__TASK GOAL__
Could you output each line below exactly as it appears, excluding any pictures?

(Brief descriptive captions)
BEGIN

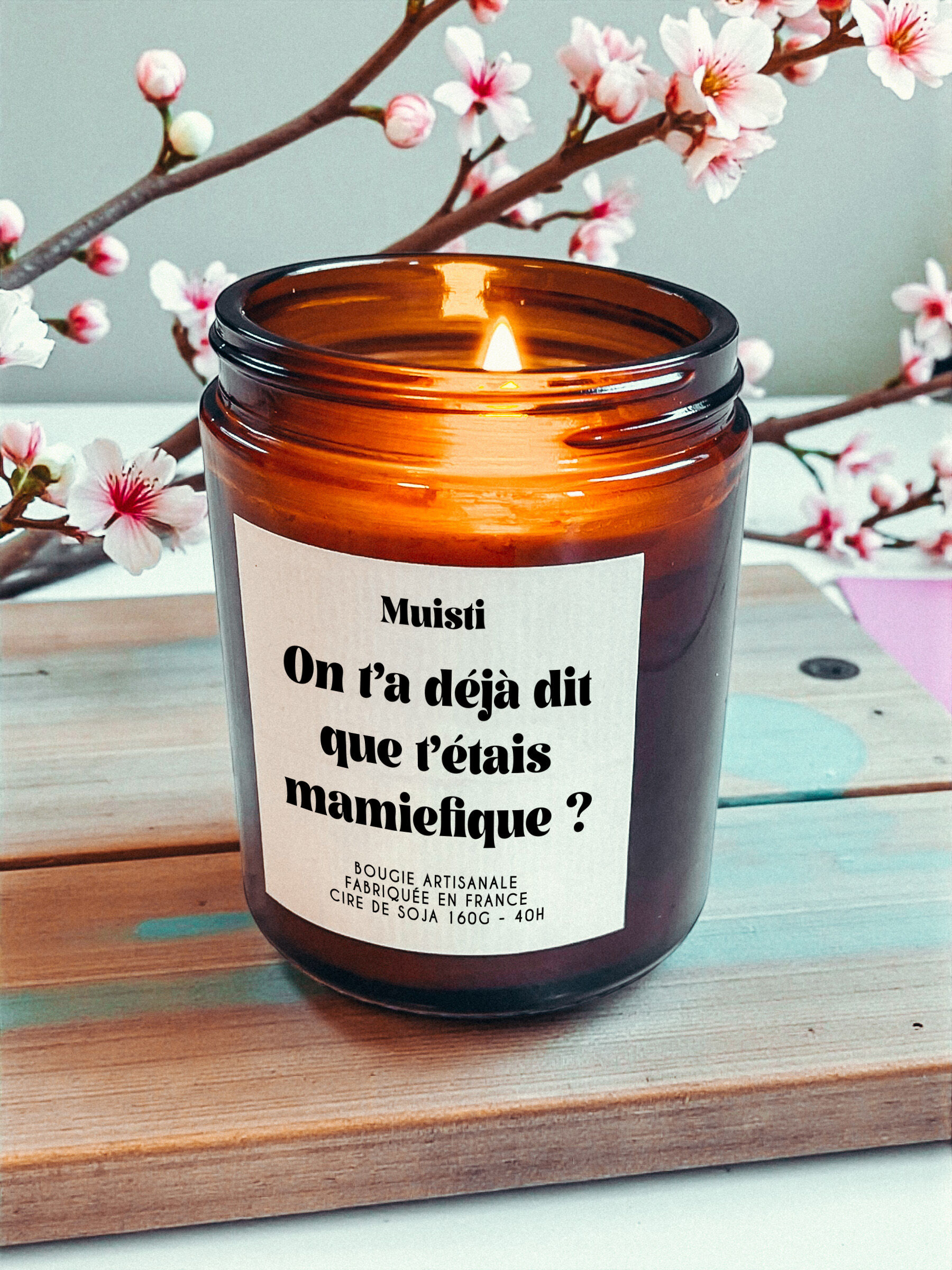 Scented Candle - Have you ever been told you're granny-fic?- Grandmothers' Day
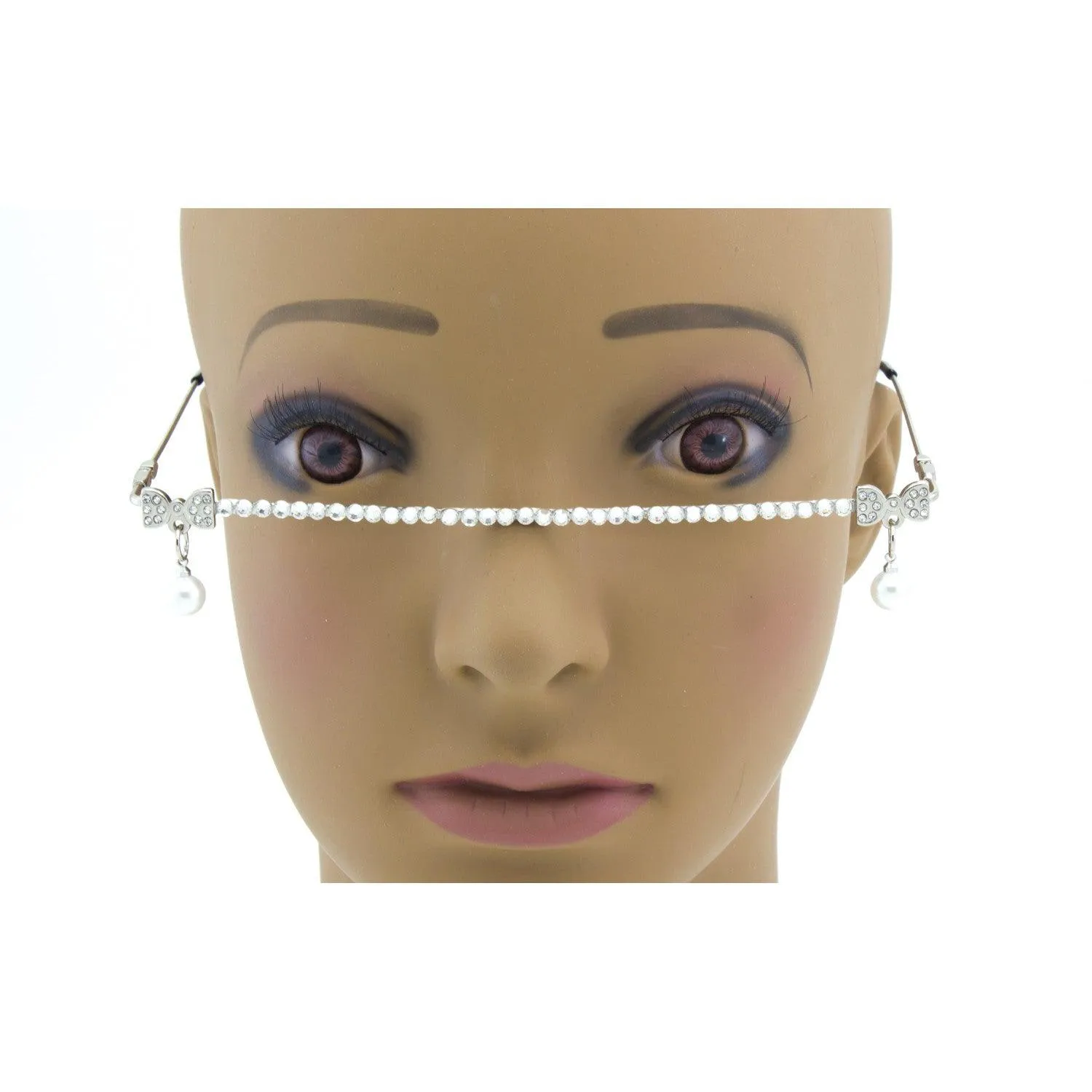 Rhinestone One Piece Frame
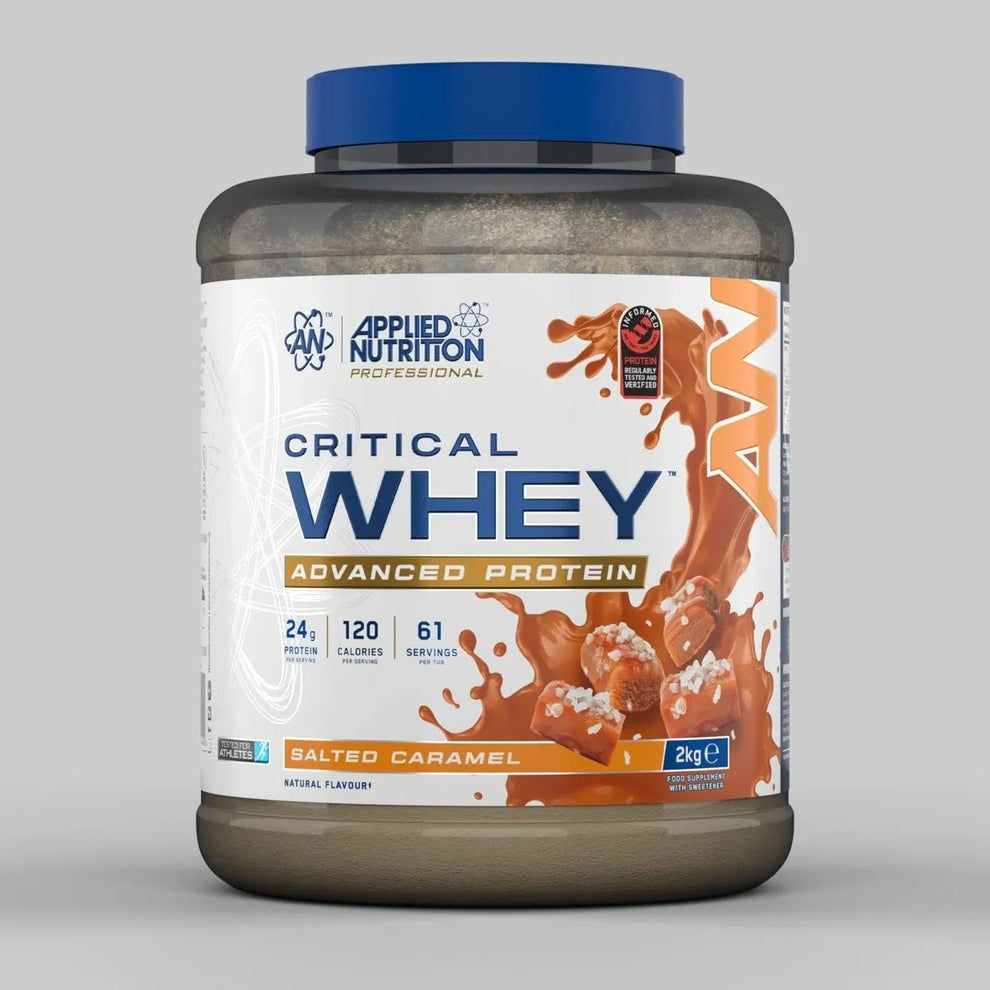 AN CRITICAL WHEY 2KG - SALTED CARAMEL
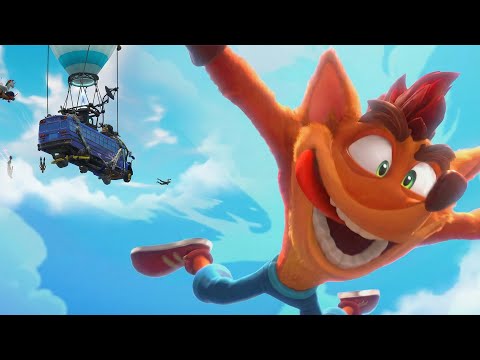 CRASH BANDICOOT'S Coming to FORTNITE + MORE Crash Projects in Development?!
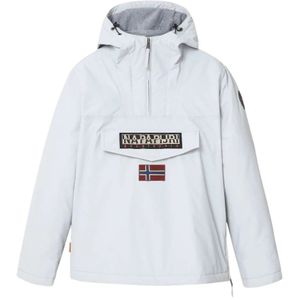 Napapijri, Heren, Jassen, Wit, Maat: XS
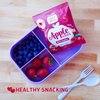 Gourmet Nut Simple Slices Organic Baked Apple Chips, USA Grown Apples, No Added Sugar, Red Apples, 75oz (Pack of 24)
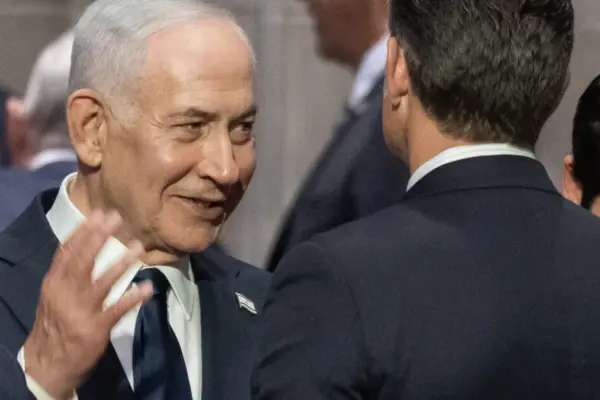 Benjaminas Netanyahu: Izraelis nepritarė JAV remiamam Gazos Ruožo planui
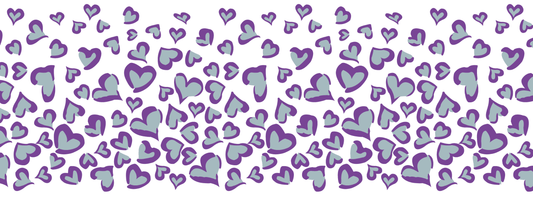 #7 Lavender Love | Flieder Monochrom | LEO Herz ColorPop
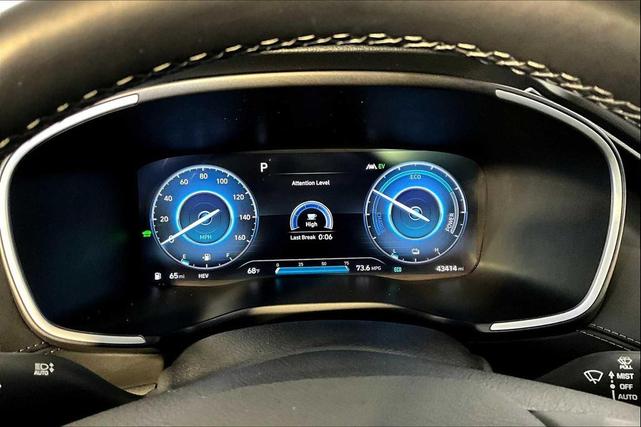 Photo of 2022 Twilight Black Hyundai SANTA FE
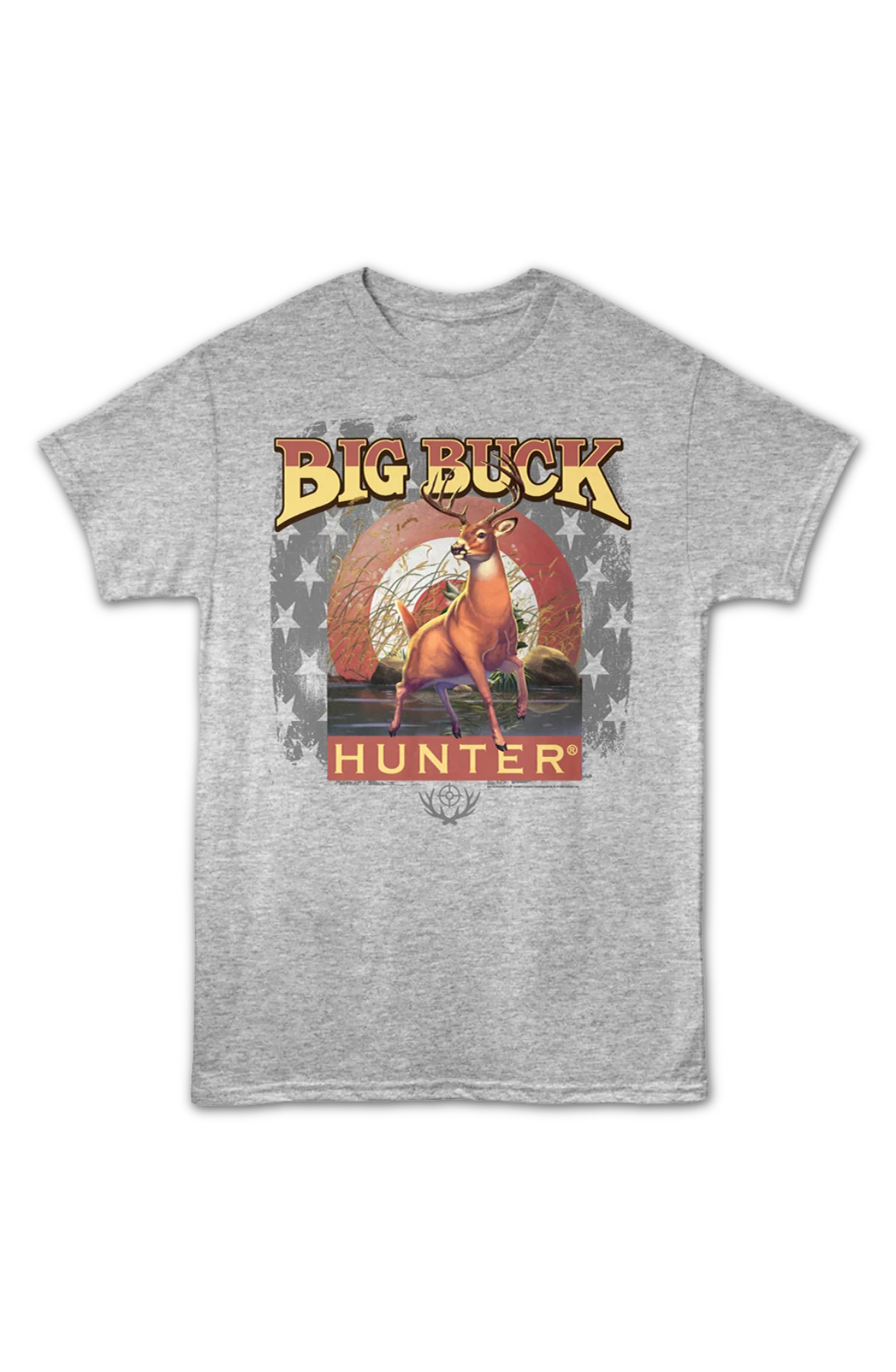 Vintage Stars Big Buck Hunter T-Shirt - Image 2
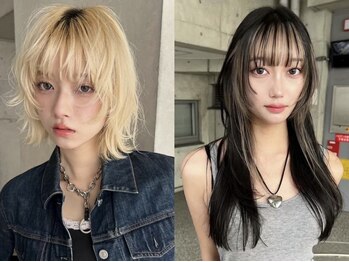 ローウェ 三軒茶屋(Louwe)の写真/[デザインカラーも人気◎]貴方のファッション/ライフスタイルを見極めてご提案と追及します*[ダブルカラー]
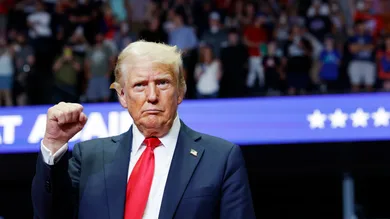 Donald Trump And J.D. Vance Hold First Joint Campaign Rally After The RNC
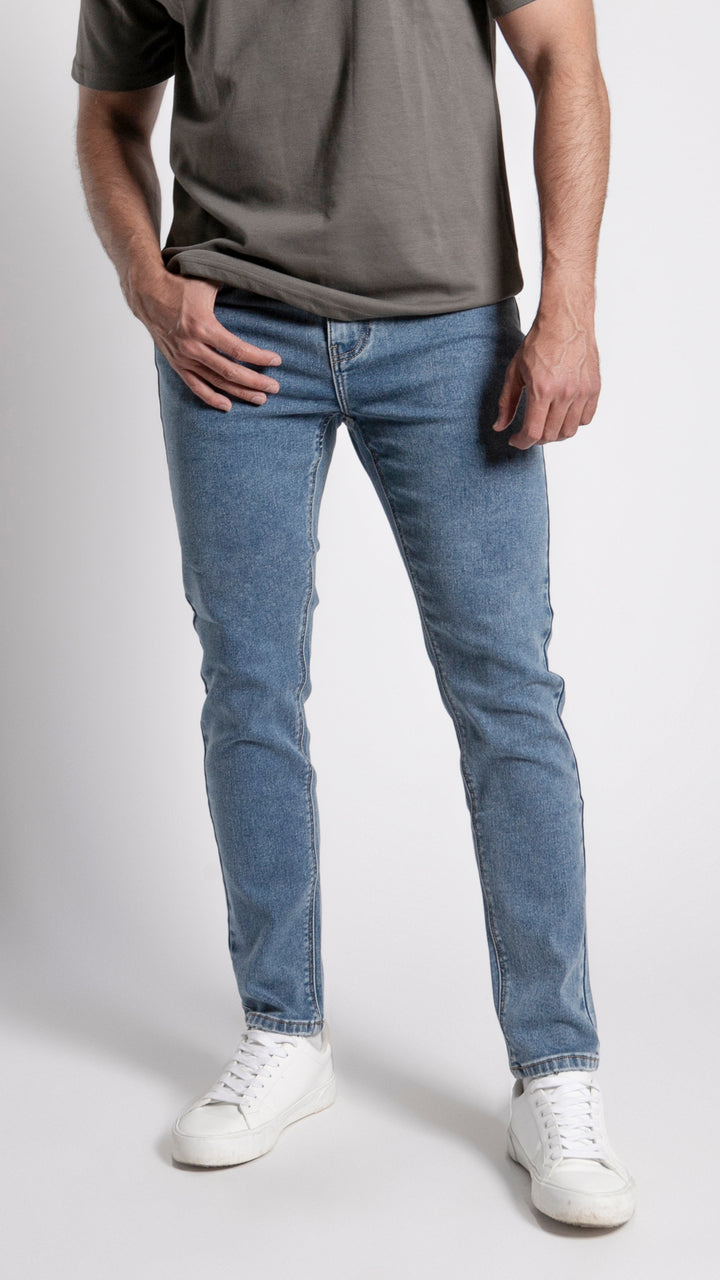 Pantalón Slim Straight Hombre Balam BL1197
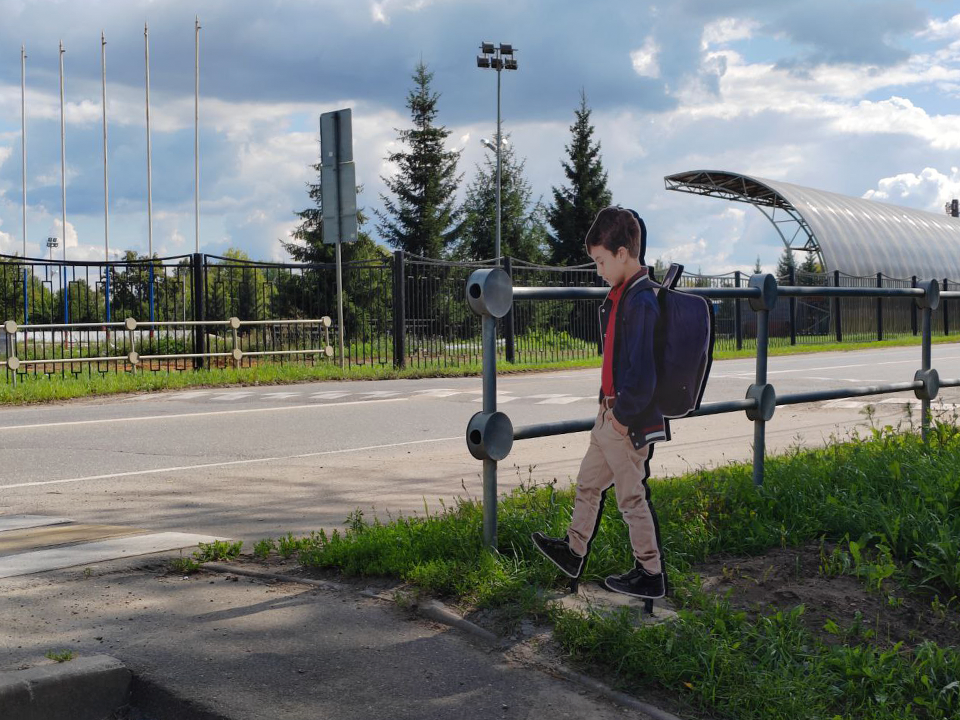 Пластиковые дети пропали с улиц Зарайска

END

__RESPONSE BOX__
 Scented Candle - Have you ever been told you're granny-fic?- Grandmothers' Day
 Rhinestone One Piece Frame
 AN CRITICAL WHEY 2KG - SALTED CARAMEL
 CRASH BANDICOOT'S Coming to FORTNITE + MORE Crash Projects in Development?!
 Napapijri, Heren, Jassen, Wit, Maat: XS
 Gourmet Nut Simple Slices Organic Baked Apple Chips, USA Grown Apples, No Added Sugar, Red Apples, 75oz (Pack of 24)
 Benjaminas Netanyahu: Izraelis nepritarė JAV remiamam Gazos Ruožo planui
 #7 Lavender Love | Flieder Monochrom | LEO Herz ColorPop
 Photo of 2022 Twilight Black Hyundai SANTA FE
 Vintage Stars Big Buck Hunter T-Shirt - Image 2
 ローウェ 三軒茶屋(Louwe)の写真/[デザインカラーも人気◎]貴方のファッション/ライフスタイルを見極めてご提案と追及します*[ダブルカラー]
 Donald Trump And J.D. Vance Hold First Joint Campaign Rally After The RNC
 Pantalón Slim Straight Hombre Balam BL1197
 Пластиковые дети пропали с улиц Зарайска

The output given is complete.